Update from the field: Federal green schools advocacy

Published on: 
2 Jun 2017
Author: 
Bryan Howard

The last few months have brought a keen focus on the new U.S. administration's policy priorities. USGBC was pleased that the Department of Education’s Green Ribbon Schools announcement went forward as planned last month, and there have been a number of additional green schools policy developments at the federal level.

Green schools are bipartisan

The Congressional Green Schools Caucus is nearing its 10th anniversary of serving as an education platform for members of Congress, showing representatives how they can affect our nation’s approach to new and existing school buildings. Rep. Ryan Costello (R-Pa.) joined this year as a co-chair of the caucus, along with Rep. Alan Lowenthal (D-Calif.), for this session.
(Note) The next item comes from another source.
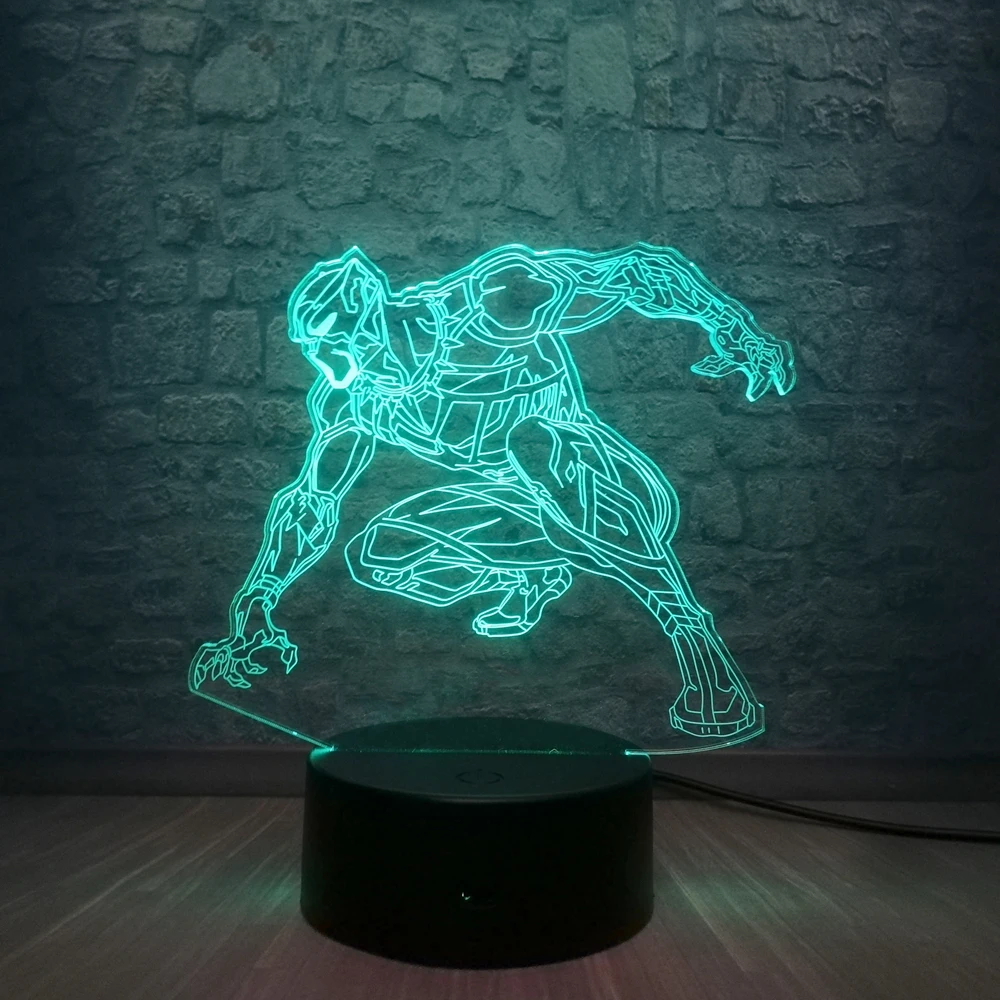 Marvel Legend фигурка Черная пантера 3D светодиодная лампа 7 цветов меняющая спальню USB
Continuing bipartisan collaboration on educating members of the benefits of green schools supports similar bipartisan progress at the local level.
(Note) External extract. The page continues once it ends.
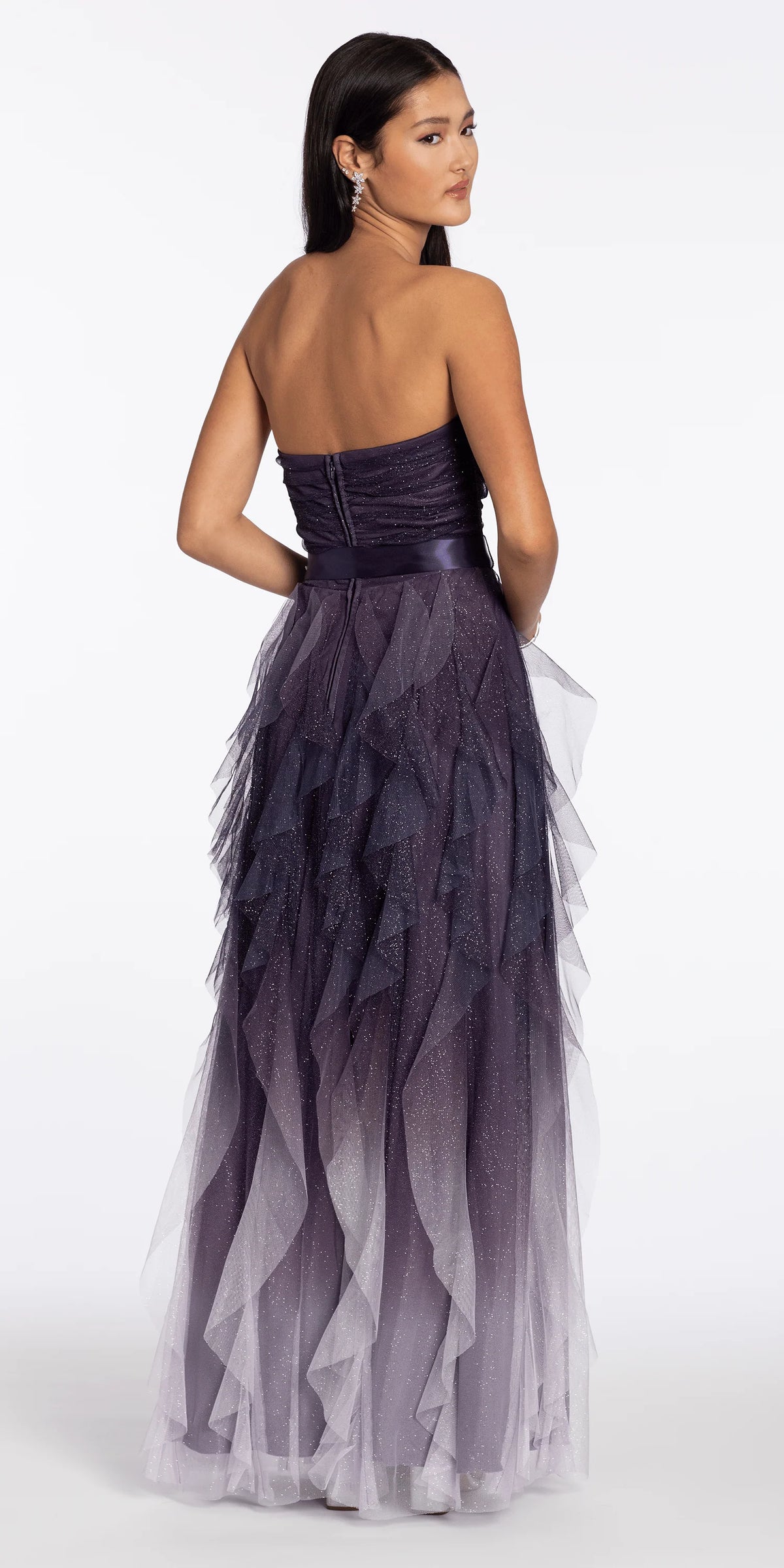 Strapless Glitter Mesh Ombre Tendril Dress with Satin Tie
School buildings are part of the infrastructure discussion

Although the administration has yet to release its infrastructure plan, Congress has been active in advancing school facility construction and modernization as means of promoting job creation and efficiency. The Public Buildings Renewal Act would create $5 billion in private activity bonds for building or modernizing public structures such as public schools, state colleges, libraries, post offices and judicial facilities.

While not a panacea for school facility needs in the United States, the bill provides another funding vehicle to assist states and localities in updating public schools and other government facilities. The legislation has bipartisan support in both the House and Senate and could be an attractive solution as Congress considers changes to the tax code or an infrastructure proposal this session.

The House Education and Workforce Ranking Member Rep. Bobby Scott (D-Va.) has introduced a far more ambitious plan to modernize school facilities. The Rebuild America’s Schools Act of 2017 would create a $70 billion grant program and $30 billion tax credit bond program targeted at high-poverty schools with facilities that pose health and safety risks to students and staff. The new construction and major renovations would be have to be consistent with green building standards, including LEED certification. The bill has significant support from House Democrats and will likely be on the shortlist of priorities for the House minority if Congress considers an infrastructure bill.